Jahrelange Recherchen der Kohlengräberland-Geschichtswerkstatt brachten die Lebens- und Leidensgeschichten dieser jüdischen Mitbürger nun ans Tageslicht.

Es gelang uns schließlich, für diese Menschen – 75 Jahre nach der Befreiung vom Faschismus – in diesem Herbst die Verlegung von Stolpersteinen auf der Lothringer Straße zu erwirken.

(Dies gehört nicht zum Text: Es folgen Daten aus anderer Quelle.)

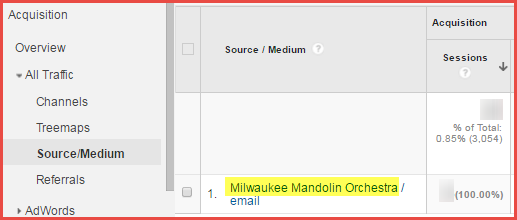 GA source/medium report - showing mailing list from MailChimp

Weitere werden hoffentlich folgen, um die Leidensgeschichten der Opfer des Bochumer Nazi-Terrors wieder in das Bewusstsein der Bürger zu rücken.

Wir Kohlengräber werden uns auch weiterhin gegen das Vergessen und Schweigen engagieren und den NS-Opfern auf unserer Kohlengräberland-Homepage ein würdiges Gedenken bewahren.

Vielen Dank für Ihre Aufmerksamkeit.